Amazon: We're Not Pursuing An OTT Pay-TV Service

Amazon denied a report claiming that the online retailing giant is exploring a virtualized pay-TV service that would be delivered over-the-top and offer a lineup of live TV channels that would compete with cable MSOs, telcos and satellite TV service providers.

The Wall Street Journal reported Tuesday that Amazon had contacted at least three big media companies about distribution and licensing deals for such a project, but warned that Amazon’s idea was in the “early stages” and may never see the light of day, noting that the company was still trying to nail down a business model for a virtual pay-TV offering.
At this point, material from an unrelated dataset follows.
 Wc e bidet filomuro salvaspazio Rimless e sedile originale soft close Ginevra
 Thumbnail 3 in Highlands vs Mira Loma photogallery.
Amazon was not immediately available for comment Tuesday afternoon, but this evening issued a statement to multiple media outlets, including USA Today and Variety, denying that it is working on such a service. "We continue to build selection for Prime Instant Video and create original shows at Amazon Studios, but we are not planning to license television channels or offer a pay-TV service," company spokesman Drew Herdener said in a statement.

In a 60 Minutes segment last month, Jeff Bezos sidestepped questions about Amazon’s rumored set-top box project, telling Charlie Rose to “stay tuned” regarding his company’s future device roadmap. 

Word of Amazon’s purported interest in developing a virtual MSO services comes soon after Intel Media punted on the idea because it believed it lacked the scale to pull off such a service on its own, instead opting to sell its “OnCue” assets to Verizon Communications. Sony announced at this month’s International CES that it plans to start testing a pay-TV offering in the U.S. later this year that will include live TV, VOD and DVR services. Google, meanwhile, has been rumored to be working on a virtual MSO service.

Although Amazon denied it is exploring an OTT TV service, some analysts believe the company, which already owns a cloud-based video architecture in the form of Amazon Web Services and access to a massive base of customers, has the elements required to launch, operate and maintain a low-margin, OTT video subscription service that can compete with traditional pay-TV providers.

“Today’s MVPDs (multichannel video programming distributors) are designed to generate a profit but there is ample room for new companies to run at a lower margin or in the case of AMZN price at cost to generate revenue from the sale of merchandise sold through the TV,” Janney Capital Markets analysts Tony Wible and Murali Sankar wrote in a research note issued last week, according to Variety.